Помесь наглости с непосредственностью. Такие обо всем выспросят не смущаясь, вплоть до метража комнат, а о себе, в свою очередь, ни гугу — уклончиво, с неохотой, — то ли стыдятся, то ли шифруются, не поймешь.
— На больничном сижу.
— Да? И чем же ты болен?
Нотки сарказма, сквознячок превосходства и сразу на «ты» — классический жлоб!
— Дорожной лихорадкой. Весеннее обострение, синдром перекати-поля.
Не, не улыбнулся — чересчур правильный. Может, выйти, пока далеко не отъехали?
— И сколько такое обострение длится?
— Непредсказуемо. Только в процессе лечения понимаешь: о, прошло!
— А лечишь, я так понимаю, бродяжничеством?
— Точно. Подобное — подобным, как в гомеопатии.
— А работой лечить пробовал? И деньги появятся, и в машины впрашиваться не придется.
У-у-у, как все запущено! Совсем квадратный.
— А разве я к вам напрашивался? Сами остановились.
— Остановился. Интуицию проверить свою.
О как! Ни больше ни меньше.
— Ну и как, проверили?
— Проверил. Не ошибся.
— Да ведь вы понятия не имеете: кто я и откуда.
Он усмехнулся.
— Поверь, у меня на такие вещи глаз хорошо наметан — с людьми работаю.
Открыл бардачок, извлек оттуда беджик с прищепкой.

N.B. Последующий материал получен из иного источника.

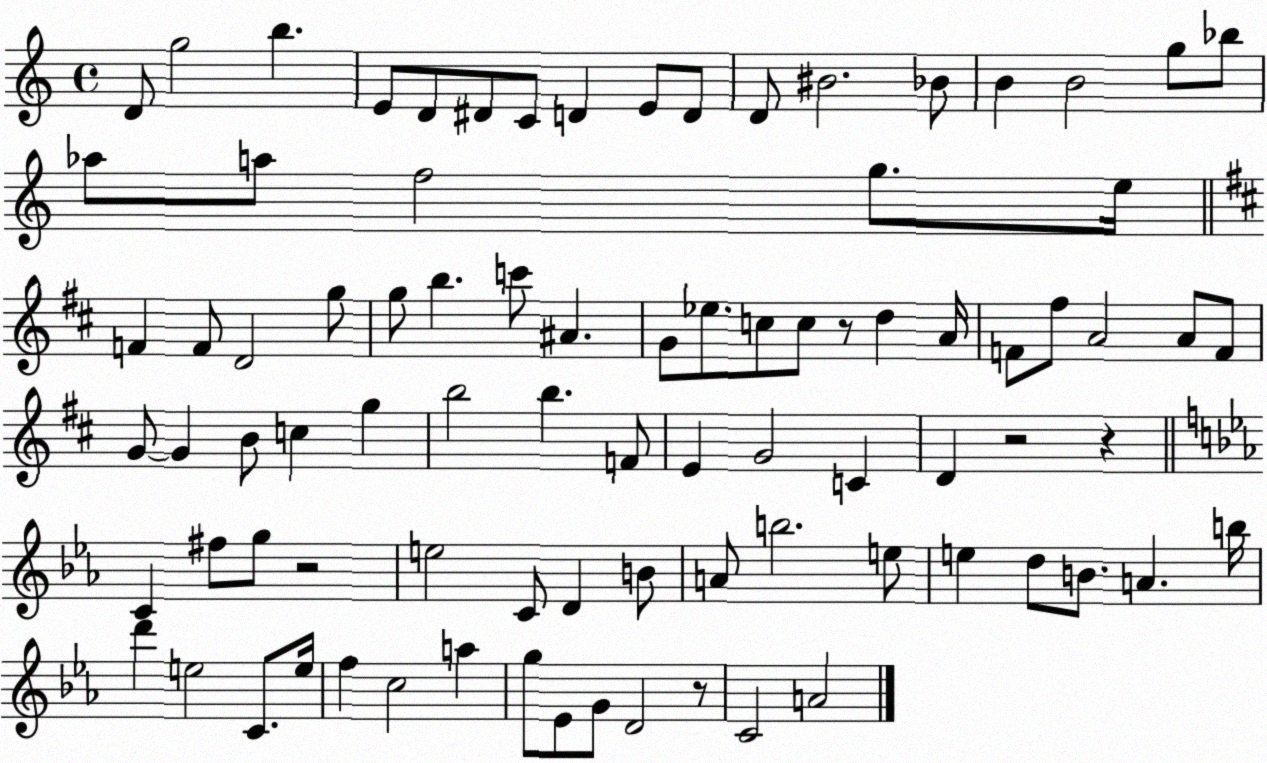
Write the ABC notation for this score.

X:1
T:Untitled
M:4/4
L:1/4
K:C
D/2 g2 b E/2 D/2 ^D/2 C/2 D E/2 D/2 D/2 ^B2 _B/2 B B2 g/2 _b/2 _a/2 a/2 f2 g/2 e/4 F F/2 D2 g/2 g/2 b c'/2 ^A G/2 _e/2 c/2 c/2 z/2 d A/4 F/2 ^f/2 A2 A/2 F/2 G/2 G B/2 c g b2 b F/2 E G2 C D z2 z C ^f/2 g/2 z2 e2 C/2 D B/2 A/2 b2 e/2 e d/2 B/2 A b/4 d' e2 C/2 e/4 f c2 a g/2 _E/2 G/2 D2 z/2 C2 A2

Артемий Лонд. Старший пастор.
Старший, надо же!
Значит, сейчас приступит.
И точно. Достал Новый Завет в дорогом исполнении, протянул мне. Кожаный переплет, уголки, гравюры под калькой.
Нет уж, спасибо.
— Вы извините, но я с юных лет с Библией не в ладах.
— Атеист?
В советских фильмах немцы так пленных спрашивали: «Юде? Юде? »
— Вроде того.
Он вздохнул.
— Пионерское прошлое. А ты в нее хоть раз заглядывал, атеист?
Вообще я крещеный. В шестнадцать крестился, импульсивно, Уэббера с Райсом[79][80] наслушавшись. Открыл Евангелие, читаю и спотыкаюсь — не состыковывается. Иудея под Римом, Иисусу в рот смотрят, он многотысячные сходняки собирает, а римляне бездействуют. К Иоанну куда меньше шло, и то его повязали, на всякий случай, а тут пять тысяч мужчин! — Восемь когорт, легион почти! — И ничего. Странно.

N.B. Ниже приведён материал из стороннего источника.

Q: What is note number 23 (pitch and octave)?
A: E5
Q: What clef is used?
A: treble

Или. Въезжает в Иерусалим. Триумф. Народ машет ветками, поет осанну. Через пару дней казнь — где все?
Нету. Куда делись? Неясно. Распни, кричат, распни, а ведут на Голгофу — стоят и рыдают… лажа какая-то.
Спросил. Пожурили, процитировали пару абзацев, порекомендовали не умничать, а просто верить — и как рукой сняло. На раз прошло: не, ребят, так не устраивает!
— Вы знаете, заглядывал. Неоднократно. Как-то там неубедительно все.
Ухмылочка-усмешечка, с детства такую не выношу.
Взрослые очень любили: ну-ну, дурачок, иди сюда, расскажи… Сколько раз ее видел — опять она!
И что-то невмоготу стало.
Пошел ты, старший пастор, знаешь куда?! Я полистал хрусткие, с прожилочками, страницы.
— Вот. «Покажите монету, которою платите подать.
Они принесли Ему динарий. И говорит им: чье это изображение и надпись? Говорят ему: кесаревы. Тогда говорит им:
" Отдавайте кесарево кесарю, а Божие Богу».
— Ну и?
— Иудаизм запрещает изображения. Любые. На них даже смотреть богохульство. А тут фарисеи, ортодоксы из ортодоксов, приносят Христу монету с профилем императора. Как, а? Притом что единственной римской провинцией, которой во избежание религиозных бунтов оставили местные деньги, была Иудея. Исторический факт.
— Откуда такая осведомленность?
Зацепил — неприязнь в голосе.
— Иосиф Флавий. И опять же об ортодоксах. Проходил Иисус с учениками засеянными полями, и те, оголодав, стали колоски рвать, а фарисеи им: как? в субботу? а-а-а!!! А хрен ли они, такие правильные, сами делали на этих полях в разгар Шаббата?
Он отмолчался. Я снова похрустел страницами. Приятно все-таки пахнут, черт побери.
— Или еще:
«Вдали же от них паслось большое стадо свиней. И бесы просили Его: если выгонишь нас, то пошли нас в стадо свиней. И Он сказал им: идите. И они, вышедши, пошли в стадо свиное. И вот, все стадо свиней бросилось с крутизны в море и погибло в воде…»
Свинья для иудея табу. С фига ли посреди ортодоксальной страны вот так, запросто, пасется две тысячи рыл?
— Там жили и другие народы.
— Но столицей-то был Иерусалим, в котором правили первосвященники-иудеи.
— Ну, мало ли… Провиант для римских солдат.